Here’s a short list of things my girlfriend Hannah and I did to keep ourselves from leaving the theater during this latest Steven Spielberg sci-fi trainwreck:

1. Engaged in a knuckle-biting thumb war

2. Re-learned binary code

3. Played a violent game of footsie that quickly became an all-out kick battle

And that was only our strategy to keep from screaming. A grizzled old man in the back of theater opted to fall asleep. He snored so loudly — and so musically — that his own noises would wake him up. Each time this happened, he grunted to indicate he was sorry for disturbing the other moviegoers (Hannah, myself, and a two couples on a double date in the back of the theater). We forgave him. Actually, we cheered for him: Musical snoring beats the hodgepodge needle drops of Van Halen, Tears for Fears, and Twisted Sister that Spielberg kept throwing our way.

But the movie. The movie. Based on Ernest Cline’s 2011 novel, “Ready Player One” is gutter post-modernity, a torrent of pop culture references that powerwashed our senses for two and a half hours. Minecraft. Batman. Alien. Aliens. Tron. Jurassic Park. All meaningless, of course. I counted 89 references to equally obscure and painfully obvious shards of pop culture from the 80s, 90s, and the early 2000s. Fear in a handful of dust kind of stuff.

There was a plot, yes. It’s 2045 in Columbus, Ohio. Things are not too different — except about twenty years before, loser gamer nerdman James Halliday (Mark Rylance) created a virtual reality open world game system called the OASIS. Sick of a world that has become a giant Ohio — and justifiably so —  everyone  has decided to abandon life in the real world and live vicariously through Halliday’s system.

“Reality is a bummer. Everyone is trying to escape,” the film’s basement dweller hero Wade Watts (Tye Sheridan) tells us.

But then Halliday dies, leaving behind a tripartite puzzle that involves a Wacky Races-style obstacle course to a bronze key, a trip through the set of Stanley Kubrick’s “The Shining” for a silver key, and finally a trek out on the ice to play the Atari game Adventure for a gold key. Put ’em all together and the winner gets a bunch of coins and control over the OASIS. 

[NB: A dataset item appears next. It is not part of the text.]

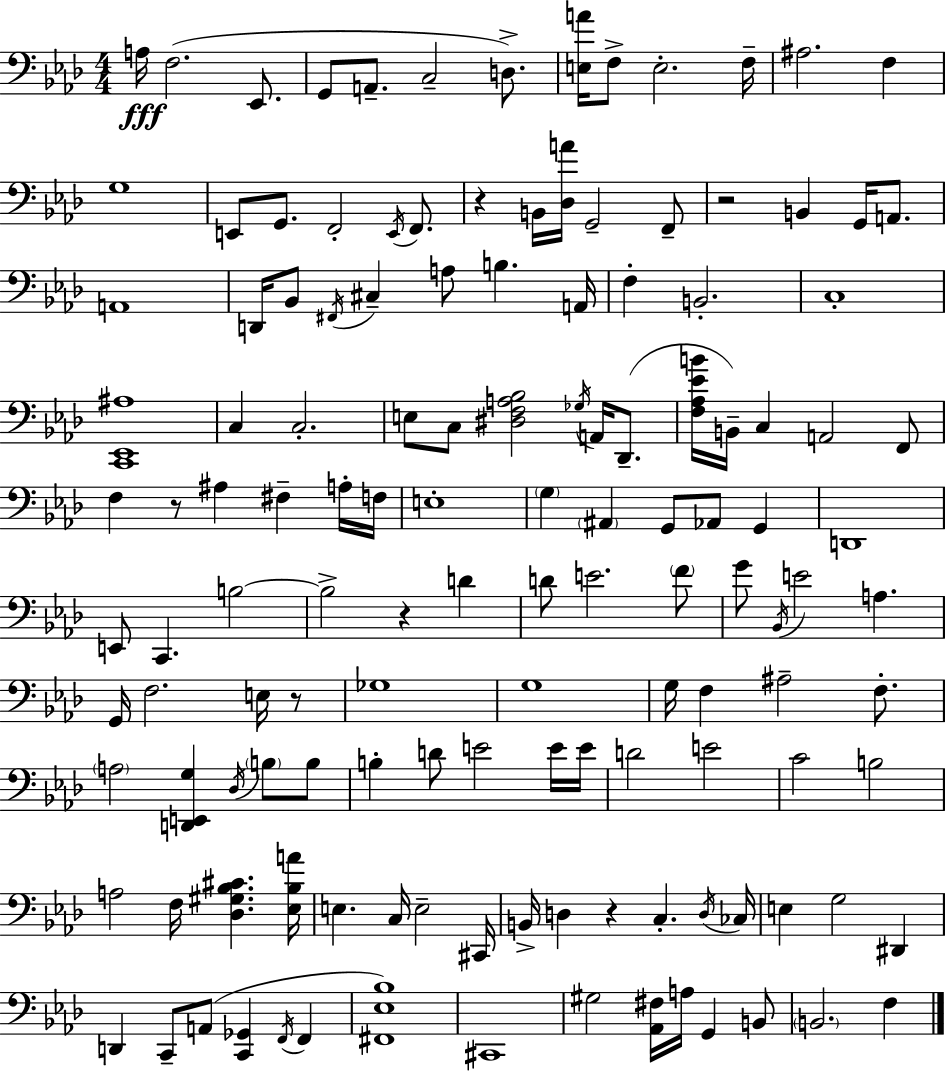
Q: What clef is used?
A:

Spielberg pits Wade and his motley cruë of VR gamers against Sorrento (Ben Mendelsohn), a cultural illiterate trying to take over the OASIS for financial gain. The odds are stacked against our heroes; they’re just kids and they don’t have the manpower to outgun Sorrento in the race for the OASIS. 

But because Wade is so culturally savvy (he knows that one “Citizen Kane” reference!), he has the knowledge to outwit Sorrento and breach the mind of the all-knowing Halliday, who designed his race so that only the nerdiest pop culture junkie could win.

Kinda cool, kinda boring.

Knowingly or not, Speilberg has created an inordinately long screed to people who have the experience, but miss the meaning. “Ready Player One” presents a world full of people who can quote movies or reference old commercials, for the sole purpose of knowing them. We see 30 years of pop culture flash before our eyes with no attempt to qualify why it even exists.

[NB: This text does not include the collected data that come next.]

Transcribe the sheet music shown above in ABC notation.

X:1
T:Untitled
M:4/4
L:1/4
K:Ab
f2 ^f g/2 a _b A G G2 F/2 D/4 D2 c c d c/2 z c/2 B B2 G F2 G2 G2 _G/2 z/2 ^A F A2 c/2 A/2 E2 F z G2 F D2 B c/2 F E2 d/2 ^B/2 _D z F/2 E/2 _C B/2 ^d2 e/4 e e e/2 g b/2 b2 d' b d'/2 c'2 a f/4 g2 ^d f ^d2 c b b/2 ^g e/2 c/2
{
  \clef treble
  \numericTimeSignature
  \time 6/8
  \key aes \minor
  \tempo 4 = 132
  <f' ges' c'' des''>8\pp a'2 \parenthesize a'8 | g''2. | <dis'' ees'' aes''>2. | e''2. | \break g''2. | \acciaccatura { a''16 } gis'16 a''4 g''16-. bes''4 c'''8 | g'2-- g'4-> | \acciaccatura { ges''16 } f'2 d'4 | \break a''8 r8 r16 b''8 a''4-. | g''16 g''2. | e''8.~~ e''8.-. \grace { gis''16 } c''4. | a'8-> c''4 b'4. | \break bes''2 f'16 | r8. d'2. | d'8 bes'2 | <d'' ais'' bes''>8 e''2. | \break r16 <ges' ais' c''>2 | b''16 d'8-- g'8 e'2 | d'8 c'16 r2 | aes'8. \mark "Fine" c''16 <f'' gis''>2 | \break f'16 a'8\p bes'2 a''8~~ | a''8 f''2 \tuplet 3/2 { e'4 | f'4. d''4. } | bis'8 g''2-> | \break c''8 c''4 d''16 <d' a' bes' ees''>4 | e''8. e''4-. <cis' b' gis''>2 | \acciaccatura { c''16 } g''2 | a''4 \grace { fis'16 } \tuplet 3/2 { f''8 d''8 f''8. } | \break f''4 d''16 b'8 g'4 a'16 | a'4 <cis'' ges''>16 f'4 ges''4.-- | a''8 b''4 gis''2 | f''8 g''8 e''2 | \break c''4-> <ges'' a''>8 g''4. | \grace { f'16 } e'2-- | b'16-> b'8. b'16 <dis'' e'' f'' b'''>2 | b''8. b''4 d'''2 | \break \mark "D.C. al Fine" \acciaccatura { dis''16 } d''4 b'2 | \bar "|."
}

When Hannah and I were sitting in the theater, this scared us. We hid behind our notebooks. But now, looking back, I think I understand. We didn’t see the movie in the optimal setting.   

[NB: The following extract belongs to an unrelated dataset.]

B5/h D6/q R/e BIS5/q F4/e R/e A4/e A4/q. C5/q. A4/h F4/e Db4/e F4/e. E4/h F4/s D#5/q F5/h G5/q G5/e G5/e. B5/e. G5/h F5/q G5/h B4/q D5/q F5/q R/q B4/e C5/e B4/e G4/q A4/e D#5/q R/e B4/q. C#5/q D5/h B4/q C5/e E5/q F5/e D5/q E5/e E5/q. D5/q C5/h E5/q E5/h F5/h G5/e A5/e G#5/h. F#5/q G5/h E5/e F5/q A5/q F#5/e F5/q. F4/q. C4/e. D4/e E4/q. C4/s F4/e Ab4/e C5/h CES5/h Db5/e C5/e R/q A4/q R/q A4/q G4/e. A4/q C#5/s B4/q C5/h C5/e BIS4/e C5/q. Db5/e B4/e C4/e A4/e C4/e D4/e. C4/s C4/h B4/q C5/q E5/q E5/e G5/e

When I was in highschool, I remember seeing the 2007 Will Smith movie, “Hancock,” over the course of several months. Every week or so, I would flip on the cable TV station FX, and the movie would be playing. I never saw it from start to finish, and I’m not even sure if I have seen the whole movie. But I believe I saw it properly. By seeing the movie in bits and pieces, I have a fragmented vision of what it means — and a self-endowed reflection on man’s imperfectability. 

“Hancock” is a movie about a shattered man unable to cope with the world. “Ready Player One” is about a shattered world unable to present any meaning to its viewers. I hope that one day I can turn on my TV and experience the latter in the same way I did the former.

Broken, twisted, and utterly incomprehensible.